Return the data exactly, but only from the line containing "5-teiliges Kreuzbohrer-set, 1/4" through its last line.

───── RECORDS ─────

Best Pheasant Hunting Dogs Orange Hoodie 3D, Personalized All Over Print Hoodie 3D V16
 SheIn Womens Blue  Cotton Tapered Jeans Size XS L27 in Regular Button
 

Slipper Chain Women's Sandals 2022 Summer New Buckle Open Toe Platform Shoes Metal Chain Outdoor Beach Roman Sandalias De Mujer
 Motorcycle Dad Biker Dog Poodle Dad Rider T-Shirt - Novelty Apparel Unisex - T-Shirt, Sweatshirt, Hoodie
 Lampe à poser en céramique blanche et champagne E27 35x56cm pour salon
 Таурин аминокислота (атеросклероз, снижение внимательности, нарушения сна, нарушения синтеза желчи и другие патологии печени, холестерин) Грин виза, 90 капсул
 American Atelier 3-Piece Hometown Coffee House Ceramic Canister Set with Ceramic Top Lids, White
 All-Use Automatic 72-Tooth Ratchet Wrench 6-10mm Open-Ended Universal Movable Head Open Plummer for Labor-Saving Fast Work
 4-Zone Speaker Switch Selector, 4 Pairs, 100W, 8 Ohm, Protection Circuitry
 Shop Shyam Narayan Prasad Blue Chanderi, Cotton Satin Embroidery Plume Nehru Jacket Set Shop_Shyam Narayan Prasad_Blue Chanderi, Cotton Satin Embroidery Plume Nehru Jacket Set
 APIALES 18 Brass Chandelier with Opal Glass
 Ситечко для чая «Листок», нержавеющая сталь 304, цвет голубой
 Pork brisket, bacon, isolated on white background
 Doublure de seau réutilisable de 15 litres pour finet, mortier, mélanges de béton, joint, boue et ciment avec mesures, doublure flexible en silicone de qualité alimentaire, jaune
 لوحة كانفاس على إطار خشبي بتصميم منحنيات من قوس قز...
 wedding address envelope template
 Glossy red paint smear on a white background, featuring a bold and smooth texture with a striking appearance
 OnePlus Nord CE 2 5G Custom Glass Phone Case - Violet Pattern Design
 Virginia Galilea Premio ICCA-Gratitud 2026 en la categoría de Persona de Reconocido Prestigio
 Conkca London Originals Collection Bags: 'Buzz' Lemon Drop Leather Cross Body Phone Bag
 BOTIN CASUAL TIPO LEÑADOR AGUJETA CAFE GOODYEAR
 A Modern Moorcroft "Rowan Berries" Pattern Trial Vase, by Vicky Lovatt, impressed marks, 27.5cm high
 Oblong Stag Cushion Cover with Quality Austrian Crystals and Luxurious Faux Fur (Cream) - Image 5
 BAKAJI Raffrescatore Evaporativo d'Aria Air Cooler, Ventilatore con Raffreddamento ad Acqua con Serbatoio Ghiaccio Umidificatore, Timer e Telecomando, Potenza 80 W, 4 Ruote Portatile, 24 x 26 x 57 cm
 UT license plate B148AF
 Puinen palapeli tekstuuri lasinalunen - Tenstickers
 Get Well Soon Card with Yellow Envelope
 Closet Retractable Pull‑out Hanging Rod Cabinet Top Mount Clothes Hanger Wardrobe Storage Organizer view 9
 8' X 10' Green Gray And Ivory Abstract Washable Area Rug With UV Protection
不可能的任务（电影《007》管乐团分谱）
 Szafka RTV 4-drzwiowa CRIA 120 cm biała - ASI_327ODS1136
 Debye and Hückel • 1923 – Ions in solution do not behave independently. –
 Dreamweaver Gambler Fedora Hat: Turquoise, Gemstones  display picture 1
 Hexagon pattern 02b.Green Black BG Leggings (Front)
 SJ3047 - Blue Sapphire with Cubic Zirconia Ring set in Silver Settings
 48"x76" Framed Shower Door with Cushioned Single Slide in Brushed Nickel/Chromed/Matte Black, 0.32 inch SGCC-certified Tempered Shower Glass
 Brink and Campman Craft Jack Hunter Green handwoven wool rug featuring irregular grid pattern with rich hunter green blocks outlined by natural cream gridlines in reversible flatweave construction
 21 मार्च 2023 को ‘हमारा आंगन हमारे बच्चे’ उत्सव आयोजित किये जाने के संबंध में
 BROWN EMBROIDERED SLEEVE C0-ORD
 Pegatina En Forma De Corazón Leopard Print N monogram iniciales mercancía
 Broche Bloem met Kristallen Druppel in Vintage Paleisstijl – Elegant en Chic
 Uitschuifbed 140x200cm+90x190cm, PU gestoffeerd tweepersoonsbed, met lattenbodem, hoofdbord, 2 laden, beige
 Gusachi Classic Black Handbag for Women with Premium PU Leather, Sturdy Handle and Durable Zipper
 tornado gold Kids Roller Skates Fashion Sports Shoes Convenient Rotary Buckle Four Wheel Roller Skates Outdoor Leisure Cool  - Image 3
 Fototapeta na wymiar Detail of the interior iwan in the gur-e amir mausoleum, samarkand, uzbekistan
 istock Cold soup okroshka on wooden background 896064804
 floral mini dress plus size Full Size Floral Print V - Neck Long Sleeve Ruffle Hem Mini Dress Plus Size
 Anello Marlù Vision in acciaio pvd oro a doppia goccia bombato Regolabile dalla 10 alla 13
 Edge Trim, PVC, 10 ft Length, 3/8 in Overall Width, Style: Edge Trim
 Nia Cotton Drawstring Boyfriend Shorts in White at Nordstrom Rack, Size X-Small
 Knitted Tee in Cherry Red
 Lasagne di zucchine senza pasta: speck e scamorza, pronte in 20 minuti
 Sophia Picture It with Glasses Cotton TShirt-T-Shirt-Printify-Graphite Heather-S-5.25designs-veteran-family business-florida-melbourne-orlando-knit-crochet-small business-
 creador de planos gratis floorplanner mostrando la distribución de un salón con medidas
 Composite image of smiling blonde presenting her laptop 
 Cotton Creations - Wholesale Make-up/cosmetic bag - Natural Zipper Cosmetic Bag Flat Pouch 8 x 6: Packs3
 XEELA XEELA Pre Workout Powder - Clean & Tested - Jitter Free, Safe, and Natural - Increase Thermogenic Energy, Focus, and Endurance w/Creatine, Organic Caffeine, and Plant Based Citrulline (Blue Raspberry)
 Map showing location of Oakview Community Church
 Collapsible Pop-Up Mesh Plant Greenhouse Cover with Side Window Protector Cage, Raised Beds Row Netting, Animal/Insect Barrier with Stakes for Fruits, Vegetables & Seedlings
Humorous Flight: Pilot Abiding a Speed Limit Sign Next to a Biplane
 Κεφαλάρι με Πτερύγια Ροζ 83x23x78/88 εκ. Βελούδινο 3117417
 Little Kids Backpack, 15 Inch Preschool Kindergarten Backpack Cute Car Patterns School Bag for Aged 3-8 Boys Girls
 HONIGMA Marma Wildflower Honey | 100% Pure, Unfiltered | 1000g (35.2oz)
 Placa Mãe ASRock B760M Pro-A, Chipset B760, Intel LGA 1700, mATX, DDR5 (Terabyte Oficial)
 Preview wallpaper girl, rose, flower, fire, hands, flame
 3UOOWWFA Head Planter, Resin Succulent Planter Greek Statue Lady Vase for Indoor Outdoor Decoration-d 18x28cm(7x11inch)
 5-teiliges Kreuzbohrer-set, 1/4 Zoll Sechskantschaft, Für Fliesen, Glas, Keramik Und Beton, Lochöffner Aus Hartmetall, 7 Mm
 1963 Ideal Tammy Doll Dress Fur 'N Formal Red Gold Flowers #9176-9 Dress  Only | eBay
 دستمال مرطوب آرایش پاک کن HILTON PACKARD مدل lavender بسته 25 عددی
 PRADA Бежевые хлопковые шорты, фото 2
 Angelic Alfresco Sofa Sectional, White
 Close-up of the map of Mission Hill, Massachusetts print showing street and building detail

─────

[WRITTEN ANSWER]:
 5-teiliges Kreuzbohrer-set, 1/4 Zoll Sechskantschaft, Für Fliesen, Glas, Keramik Und Beton, Lochöffner Aus Hartmetall, 7 Mm
 1963 Ideal Tammy Doll Dress Fur 'N Formal Red Gold Flowers #9176-9 Dress  Only | eBay
 دستمال مرطوب آرایش پاک کن HILTON PACKARD مدل lavender بسته 25 عددی
 PRADA Бежевые хлопковые шорты, фото 2
 Angelic Alfresco Sofa Sectional, White
 Close-up of the map of Mission Hill, Massachusetts print showing street and building detail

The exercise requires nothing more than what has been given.